United States and European Union reach new agreement to allow businesses to transfer data and personal information across the pond
The United States and the European Union have reached a new data sharing agreement, which will be a relief for some big name tech players.
The agreement in principle between the the EU and US was revealed late on Friday, and is called the new Trans-Atlantic Data Privacy Framework.
It comes after Meta last month warned if it was not allowed to transfer, store and process European user data on US-based servers, it could shut down Facebook and Instagram in Europe.
The EU had published its draft Data Act last month governing the rules, rights and obligations for companies transferring European personal data to offshore (mostly US) servers and data centres.
The issue of transferring European user data to American servers has long been a bug bear for the European Commission and privacy campaigners.
Data used to be transferred to the US under the Safe Habour agreement, but the European Court of Justice in 2015 suspended the original Safe Harbour agreement.
It was suspended in the wake of the Edward Snowden revelations about the scale of US and its NSA agency spying on friends and allies.
The Privacy Shield (or Safe Harbour 2.0) was then drafted, but the United States and the European Union were forced to change it after an initial agreement submitted in February 2016 was rejected by European Watchdogs for not being robust enough.
The two sides then agreed to stricter rules for American companies holding information on Europeans and clearer limits on US surveillance.
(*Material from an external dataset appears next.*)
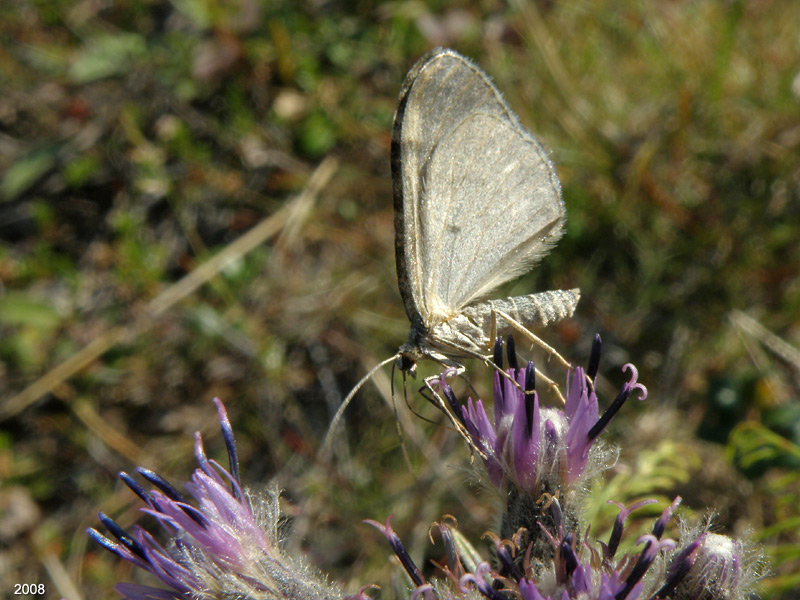 P8183493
And this reworked Privacy Shield agreement was then approved by EU member states and adopted in July 2016.
The European Commission’s Privacy Shield data framework replaced the EU-US Safe Harbour deal which had been in place since 2000, but right from the start it proved controversial with ongoing concerns about US spying.
The Privacy Shield had been designed to help firms on both sides of the Atlantic to move the personal data of European citizens to the United States without breaking strict EU data transfer rules.
Then in July 2020 the European Court of Justice struck down the transatlantic data transfer deal, and cast transfers into doubt.
Trans-Atlantic Data Privacy Framework
Now the European Commission and the United States announce that they have agreed in principle on a new data sharing deal, which they said “will foster trans-Atlantic data flows and address the concerns raised by the Court of Justice of the European Union in the Schrems II decision of July 2020.”
The EC said the new Trans-Atlantic Data Privacy Framework “marks an unprecedented commitment on the US side to implement reforms that will strengthen the privacy and civil liberties protections applicable to US signals intelligence activities.”
Under this agreement, the US is to put in place new safeguards to ensure that signals surveillance activities are necessary and proportionate in the pursuit of defined national security objectives.
America will also establish a two-level independent redress mechanism with binding authority to direct remedial measures, and the US enhance rigorous and layered oversight of signals intelligence activities to ensure compliance with limitations on surveillance activities.
The Trans-Atlantic Data Privacy Framework reflects more than a year of detailed negotiations between the U.S. and E.U. led by Secretary of Commerce Gina Raimondo and Commissioner for Justice Didier Reynders.
It will provide a durable basis for trans-Atlantic data flows, which are critical to protecting citizens’ rights and enabling trans-Atlantic commerce in all sectors of the economy, including for small and medium enterprises.
Going forward the US government and the European Commission will now continue their co-operation with a view to translate this arrangement into legal documents that will need to be adopted on both sides to put in place this new Trans-Atlantic Data Privacy Framework.
EU, US co-operation
For that purpose, these US commitments will be included in an Executive Order that will form the basis of the Commission’s assessment in its future adequacy decision.
In joint remarks with EU President Ursula von der Leyen, US President Joe Biden said Friday discussed Europe’s decision to reduce its reliance on Russia gas imports, and the ongoing situation in Ukraine.
They also commented on the new Trans-Atlantic Data Privacy Framework
They said the new partnership will “once again authorise transatlantic data flows that help facilitate $7.1 trillion in economic relationships with the EU.”
“This will enable predictable and trustworthy data flows between the EU and U.S., safeguarding privacy and civil liberties,” von der Leyen said.